Similarly, we can run the RNA-seq analysis for the KB1P and Pten mouse models using the following commands:

# Run the analysis for the KB1P samples
make preload_star_index
make rnaseq_kb1p

# Run the analysis for the Pten samples
make preload_star_index
make rnaseq_pten

Note that we need to preload the index for each run of the RNA-seq pipeline, as this pipeline currently unloads the shared reference during its execution. This may be modified in a newer version of the pipeline. However, the extra preloads should be instantaneous, as the shared reference is already in memory.
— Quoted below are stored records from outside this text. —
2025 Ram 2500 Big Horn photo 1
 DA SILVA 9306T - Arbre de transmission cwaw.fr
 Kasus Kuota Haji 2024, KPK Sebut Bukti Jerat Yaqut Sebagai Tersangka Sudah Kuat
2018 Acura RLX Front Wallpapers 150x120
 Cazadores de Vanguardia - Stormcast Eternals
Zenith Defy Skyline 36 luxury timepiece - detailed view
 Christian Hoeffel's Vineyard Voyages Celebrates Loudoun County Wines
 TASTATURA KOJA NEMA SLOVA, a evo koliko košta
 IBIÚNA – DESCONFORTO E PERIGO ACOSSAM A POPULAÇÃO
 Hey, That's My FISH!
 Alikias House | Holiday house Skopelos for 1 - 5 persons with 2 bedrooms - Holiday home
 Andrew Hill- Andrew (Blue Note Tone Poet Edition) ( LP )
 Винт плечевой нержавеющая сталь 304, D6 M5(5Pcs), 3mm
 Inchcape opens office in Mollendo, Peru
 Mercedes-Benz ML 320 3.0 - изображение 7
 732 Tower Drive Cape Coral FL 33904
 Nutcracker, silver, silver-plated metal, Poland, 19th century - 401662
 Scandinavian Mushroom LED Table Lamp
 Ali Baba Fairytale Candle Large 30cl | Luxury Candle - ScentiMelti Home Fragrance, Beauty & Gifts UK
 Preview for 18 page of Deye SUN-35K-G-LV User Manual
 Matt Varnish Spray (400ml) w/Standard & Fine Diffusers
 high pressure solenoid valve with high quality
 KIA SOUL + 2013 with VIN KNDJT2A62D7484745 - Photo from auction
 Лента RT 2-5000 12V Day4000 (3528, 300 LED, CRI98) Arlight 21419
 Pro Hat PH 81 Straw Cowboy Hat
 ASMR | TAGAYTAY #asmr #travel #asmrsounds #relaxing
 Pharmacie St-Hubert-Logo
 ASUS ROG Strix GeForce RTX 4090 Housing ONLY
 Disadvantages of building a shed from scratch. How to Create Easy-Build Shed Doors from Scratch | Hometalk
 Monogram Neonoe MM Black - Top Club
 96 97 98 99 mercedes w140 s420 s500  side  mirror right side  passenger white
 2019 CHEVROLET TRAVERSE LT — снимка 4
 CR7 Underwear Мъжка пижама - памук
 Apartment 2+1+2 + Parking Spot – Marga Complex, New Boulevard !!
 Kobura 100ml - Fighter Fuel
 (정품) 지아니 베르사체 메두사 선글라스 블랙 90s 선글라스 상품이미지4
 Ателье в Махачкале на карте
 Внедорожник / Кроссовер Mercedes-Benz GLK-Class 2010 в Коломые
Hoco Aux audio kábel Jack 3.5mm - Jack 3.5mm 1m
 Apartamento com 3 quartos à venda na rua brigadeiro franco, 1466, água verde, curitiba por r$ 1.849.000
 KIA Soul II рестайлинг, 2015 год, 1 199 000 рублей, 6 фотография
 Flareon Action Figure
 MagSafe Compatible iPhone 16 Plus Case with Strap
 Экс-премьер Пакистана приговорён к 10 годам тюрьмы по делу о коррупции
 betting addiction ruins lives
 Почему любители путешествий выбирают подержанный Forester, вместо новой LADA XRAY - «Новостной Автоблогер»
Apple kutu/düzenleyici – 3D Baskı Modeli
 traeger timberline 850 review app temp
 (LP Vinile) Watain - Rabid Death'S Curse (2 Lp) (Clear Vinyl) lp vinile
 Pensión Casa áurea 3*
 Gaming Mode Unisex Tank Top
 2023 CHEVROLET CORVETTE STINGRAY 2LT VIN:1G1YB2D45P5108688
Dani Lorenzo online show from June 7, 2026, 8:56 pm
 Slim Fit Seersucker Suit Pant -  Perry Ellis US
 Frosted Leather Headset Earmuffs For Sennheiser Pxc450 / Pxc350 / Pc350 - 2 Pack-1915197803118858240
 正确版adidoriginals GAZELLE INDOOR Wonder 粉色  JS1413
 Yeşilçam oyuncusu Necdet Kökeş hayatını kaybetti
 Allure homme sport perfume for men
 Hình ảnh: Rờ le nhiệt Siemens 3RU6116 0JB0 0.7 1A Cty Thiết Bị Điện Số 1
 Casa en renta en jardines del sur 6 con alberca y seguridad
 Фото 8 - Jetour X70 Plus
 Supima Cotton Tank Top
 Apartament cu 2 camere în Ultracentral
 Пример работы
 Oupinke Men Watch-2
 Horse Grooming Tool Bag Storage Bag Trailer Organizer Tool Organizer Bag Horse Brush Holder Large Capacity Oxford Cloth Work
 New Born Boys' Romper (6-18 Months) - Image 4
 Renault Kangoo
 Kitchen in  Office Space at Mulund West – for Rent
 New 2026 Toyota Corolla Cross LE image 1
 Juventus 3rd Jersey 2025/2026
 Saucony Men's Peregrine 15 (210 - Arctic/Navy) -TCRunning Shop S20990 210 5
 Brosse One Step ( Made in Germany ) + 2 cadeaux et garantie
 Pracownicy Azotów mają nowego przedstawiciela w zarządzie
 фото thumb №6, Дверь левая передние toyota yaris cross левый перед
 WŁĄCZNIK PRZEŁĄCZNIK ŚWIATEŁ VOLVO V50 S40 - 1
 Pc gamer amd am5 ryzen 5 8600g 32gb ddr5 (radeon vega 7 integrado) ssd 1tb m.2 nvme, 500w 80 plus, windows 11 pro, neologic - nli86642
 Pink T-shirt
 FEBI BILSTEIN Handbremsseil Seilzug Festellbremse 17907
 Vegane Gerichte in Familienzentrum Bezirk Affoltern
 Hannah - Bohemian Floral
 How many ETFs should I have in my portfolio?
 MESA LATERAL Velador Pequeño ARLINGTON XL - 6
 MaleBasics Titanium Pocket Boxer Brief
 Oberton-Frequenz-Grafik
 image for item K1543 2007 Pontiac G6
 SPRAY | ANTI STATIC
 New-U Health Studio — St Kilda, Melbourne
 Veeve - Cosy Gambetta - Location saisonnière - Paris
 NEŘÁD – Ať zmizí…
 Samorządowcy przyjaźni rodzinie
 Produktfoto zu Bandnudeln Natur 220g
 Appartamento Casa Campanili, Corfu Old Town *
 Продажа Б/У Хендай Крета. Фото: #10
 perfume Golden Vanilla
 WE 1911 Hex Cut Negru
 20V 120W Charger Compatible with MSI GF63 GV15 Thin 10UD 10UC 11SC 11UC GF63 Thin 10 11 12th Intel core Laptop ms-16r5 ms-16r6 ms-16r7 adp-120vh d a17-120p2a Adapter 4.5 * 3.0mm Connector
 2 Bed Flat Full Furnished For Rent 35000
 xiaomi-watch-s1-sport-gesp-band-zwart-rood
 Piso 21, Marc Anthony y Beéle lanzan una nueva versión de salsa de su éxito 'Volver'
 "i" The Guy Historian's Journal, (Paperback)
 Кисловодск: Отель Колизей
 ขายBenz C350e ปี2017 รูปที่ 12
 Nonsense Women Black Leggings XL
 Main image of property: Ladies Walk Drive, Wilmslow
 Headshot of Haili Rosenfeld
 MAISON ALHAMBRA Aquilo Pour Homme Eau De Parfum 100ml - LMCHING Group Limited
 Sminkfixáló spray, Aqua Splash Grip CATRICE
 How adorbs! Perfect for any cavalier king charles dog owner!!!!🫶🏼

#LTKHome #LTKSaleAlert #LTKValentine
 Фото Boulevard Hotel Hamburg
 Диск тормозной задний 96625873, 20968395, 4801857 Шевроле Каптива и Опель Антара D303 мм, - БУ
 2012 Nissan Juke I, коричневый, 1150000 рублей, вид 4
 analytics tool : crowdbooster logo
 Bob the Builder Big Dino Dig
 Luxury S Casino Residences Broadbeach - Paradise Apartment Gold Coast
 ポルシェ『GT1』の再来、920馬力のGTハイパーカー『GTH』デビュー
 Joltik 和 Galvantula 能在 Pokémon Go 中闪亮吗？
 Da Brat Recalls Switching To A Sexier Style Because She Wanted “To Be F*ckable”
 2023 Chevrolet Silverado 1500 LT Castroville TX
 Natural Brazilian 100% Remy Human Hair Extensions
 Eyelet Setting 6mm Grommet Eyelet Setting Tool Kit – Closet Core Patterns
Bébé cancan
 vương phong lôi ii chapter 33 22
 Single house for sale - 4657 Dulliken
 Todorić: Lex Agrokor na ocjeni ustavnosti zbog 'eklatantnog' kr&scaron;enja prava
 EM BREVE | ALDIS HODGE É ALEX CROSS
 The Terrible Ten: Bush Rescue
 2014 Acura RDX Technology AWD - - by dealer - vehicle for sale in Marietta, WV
Similar to the insertion pipeline, the RNA-seq pipeline is a Snakemake pipeline that can be passed extra arguments to enable parallel execution, etc.:

make rnaseq_sb SNAKEMAKE_ARGS='-j 5'

NMF analysis¶

Because of its computationally intensive nature, the NMF factorization used in the subtype analysis is also pre-computed using an R script. This script can be run after generating the SB RNA-seq dataset, using the following command:

make nmf

The script performs both the rank estimation and the final factorization for four clusters.